- _WORK TO COMPLETE_: What must be written out is each line from the one holding "Ribbed Scoop Neck" through the end of the records, word for word, minus any pictures.

(Saved entries)
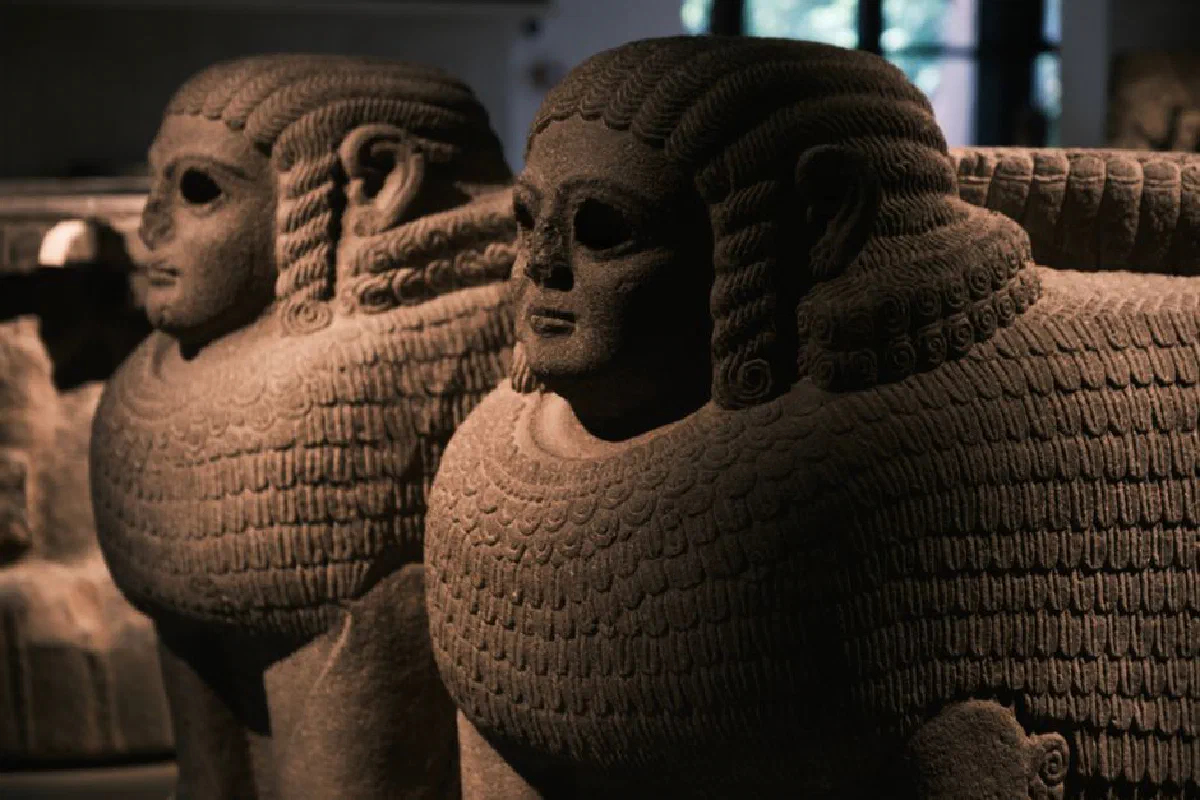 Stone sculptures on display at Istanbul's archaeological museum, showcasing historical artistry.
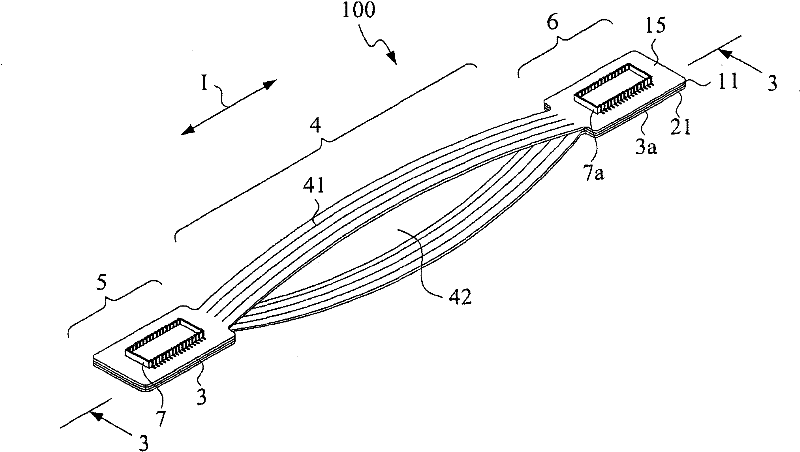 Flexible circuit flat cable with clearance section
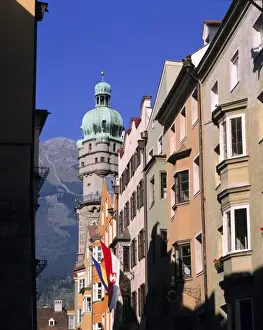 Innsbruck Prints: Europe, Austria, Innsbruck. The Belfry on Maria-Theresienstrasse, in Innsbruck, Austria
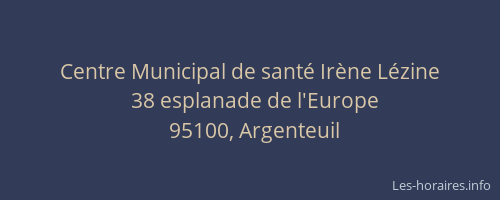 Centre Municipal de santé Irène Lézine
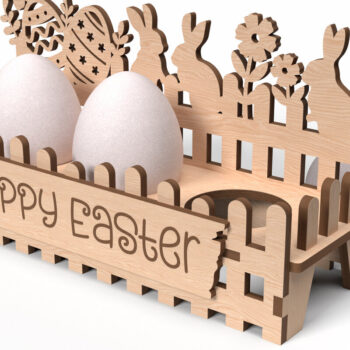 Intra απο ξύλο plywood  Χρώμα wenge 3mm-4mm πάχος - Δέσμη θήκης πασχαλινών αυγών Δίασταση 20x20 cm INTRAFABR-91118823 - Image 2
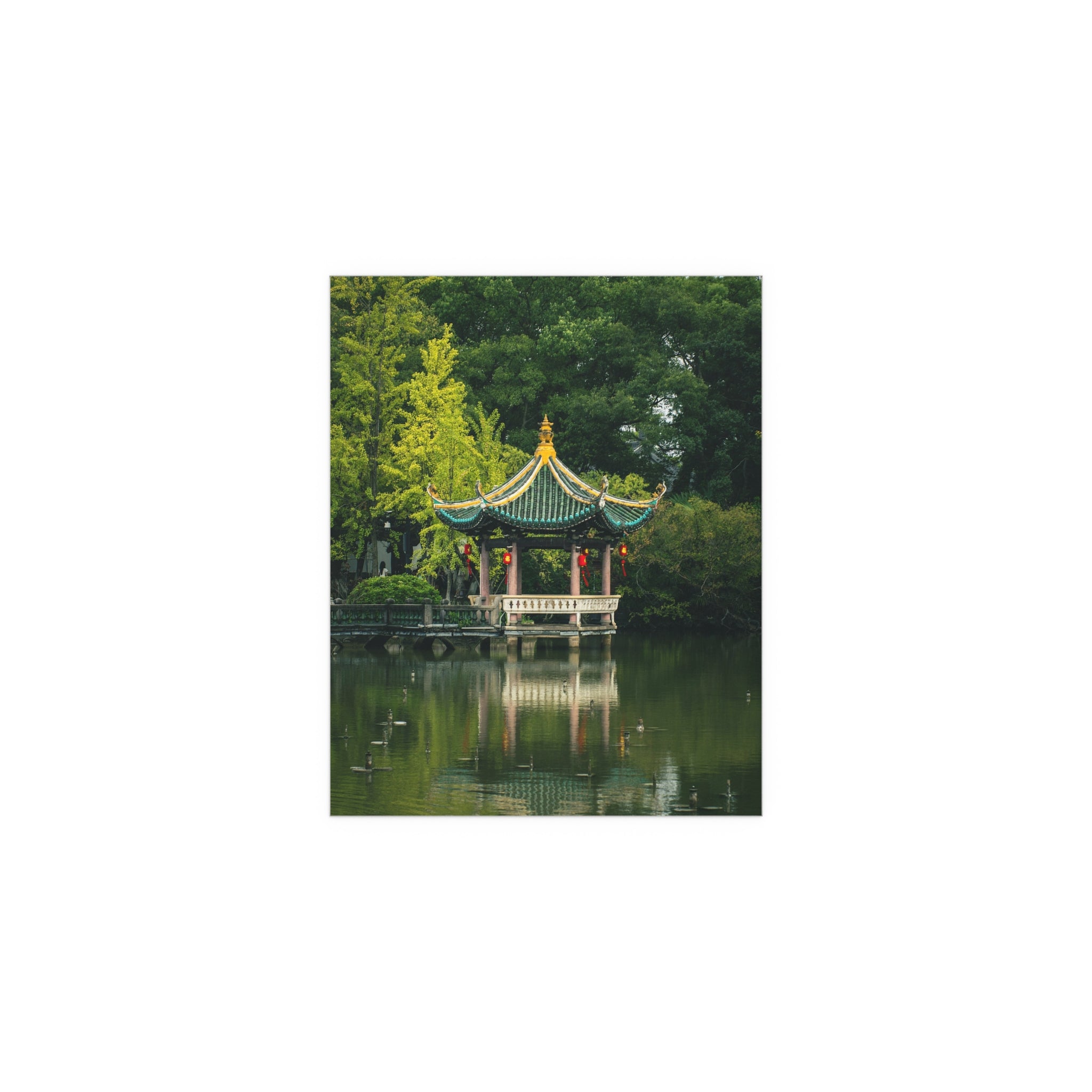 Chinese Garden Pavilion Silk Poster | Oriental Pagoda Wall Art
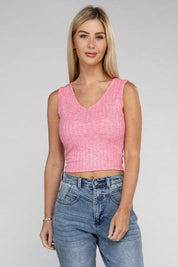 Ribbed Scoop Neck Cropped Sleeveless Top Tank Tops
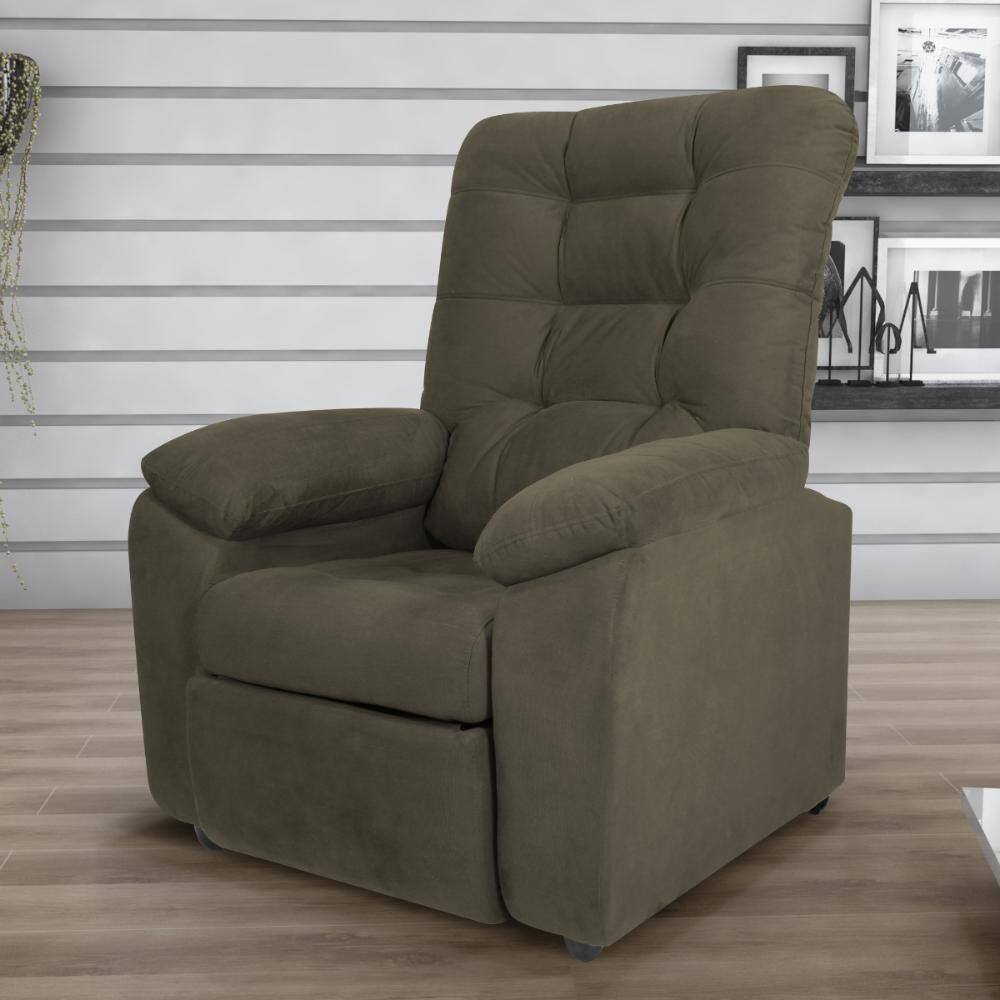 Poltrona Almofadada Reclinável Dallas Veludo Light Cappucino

- _SOLUTION TO THIS EXERCISE_:
 Ribbed Scoop Neck Cropped Sleeveless Top Tank Tops
 Poltrona Almofadada Reclinável Dallas Veludo Light Cappucino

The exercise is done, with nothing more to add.